Berdasarkan prinsip bahwa rakyat adalah pemilik
kedaulatan, pemilik dan pelaksana kehendak, maka rakyat berhak membuat hukum
yang merupakan ungkapan dari pelaksanaan kehendak rakyat dan ungkapan kehendak
umum dari mayoritas rakyat. Rakyat membuat hukum melalui para wakilnya yang
mereka pilih untuk membuat hukum sebagai wakil rakyat.

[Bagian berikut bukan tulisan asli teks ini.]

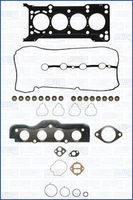 AJUSA 52402400 - Juego de juntas, culata - MULTILAYER STEEL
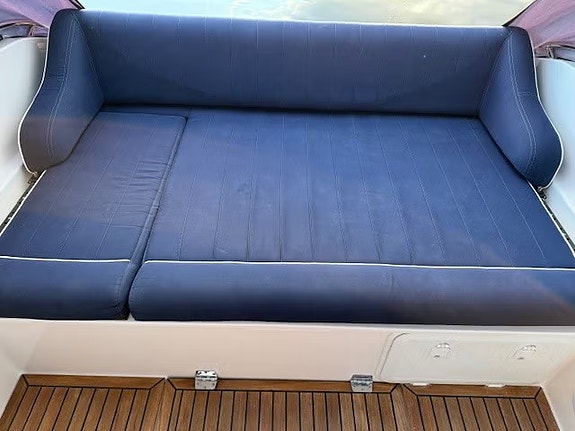 MAREX ESTREMO 270 12 of 30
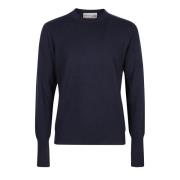 Round-neck Knitwear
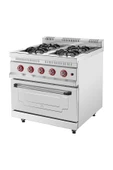 KUTLU TİCARET KUTLU 80x80 KUZİNE - 1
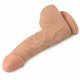 Realistic Dildo Fabian 18 x 4.5 cm Chair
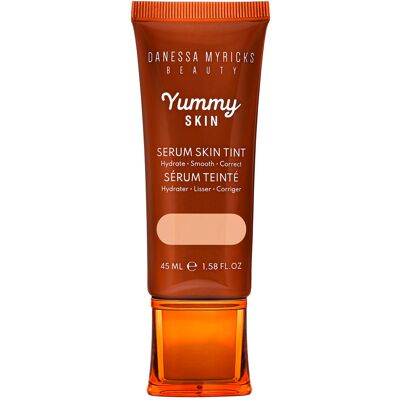 DANESSA MYRICKS BEAUTY Yummy Skin Serum Tint 3.5 Light with Cool Undertones 45 ml DANESSA MYRICKS BEAUTY Yummy Skin Serum Tint 3.5 Light with Cool Undertones 45 ml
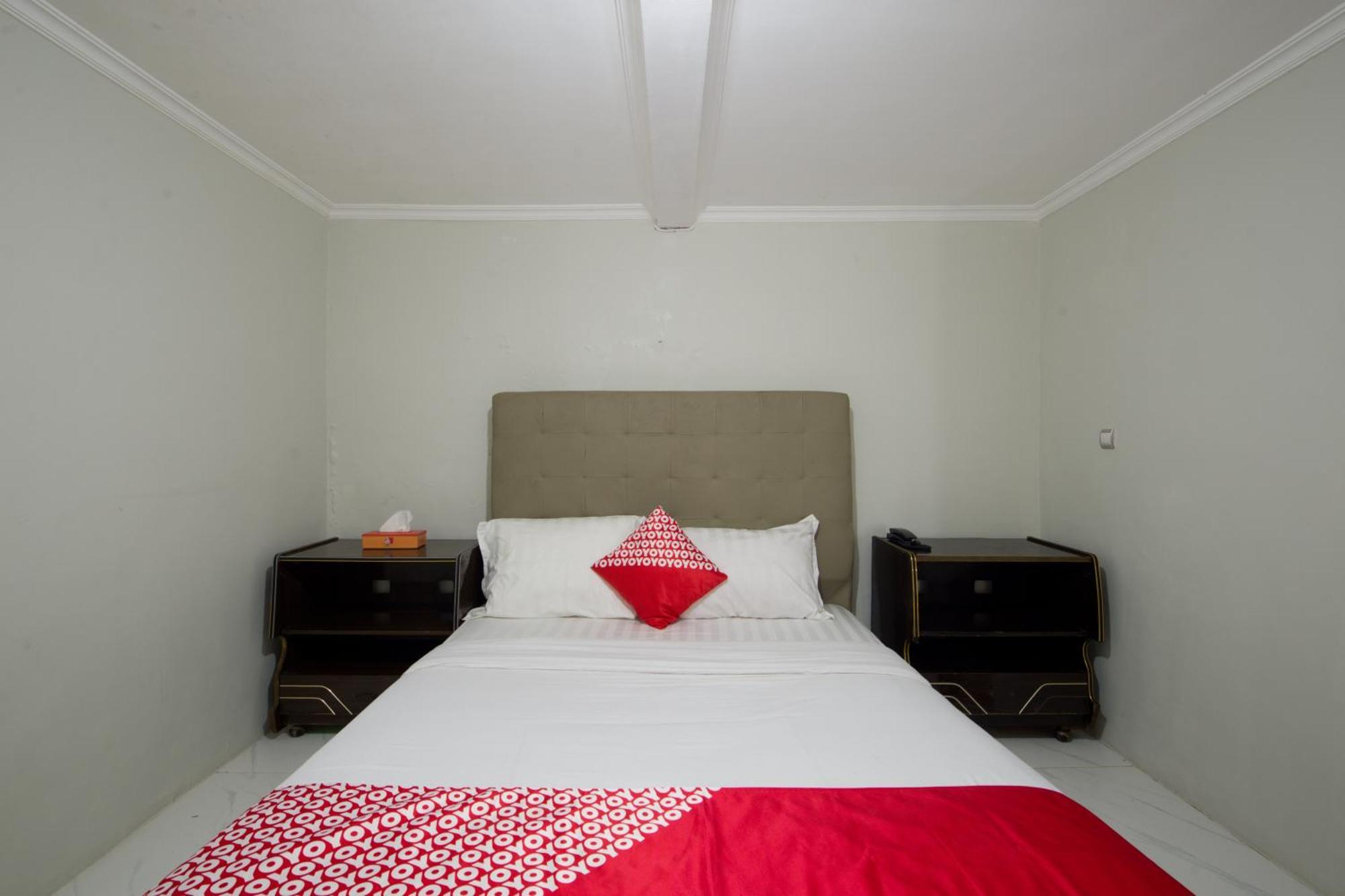 Capital O 3359 Pondok Wisata Jaden Trawas Mojokerto Екстериор снимка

Rakyat berhak menetapkan konstitusi,
peraturan, dan undang-undang apa pun. Rakyat berhak pula membatalkan
konstitusi, peraturan dan hukum apa pun menurut pertimbangan mereka berdasarkan
kemaslahatan yang ada. Dengan demikian rakyat berhak mengubah sistem
pemerintahan dari kerajaan menjadi republik atau sebaliknya, sebagaimana rakyat
juga berhak mengubah sistem republik presidensil menjadi republik parlementer
atau sebaliknya. Hal ini pernah terjadi misalnya di Perancis, Italia, Spanyol,
Yunani, di mana rakyatnya telah mengubah sistem pemerintahan yang ada dari
kerajaan menjadi republik dan dari republik menjadi kerajaan.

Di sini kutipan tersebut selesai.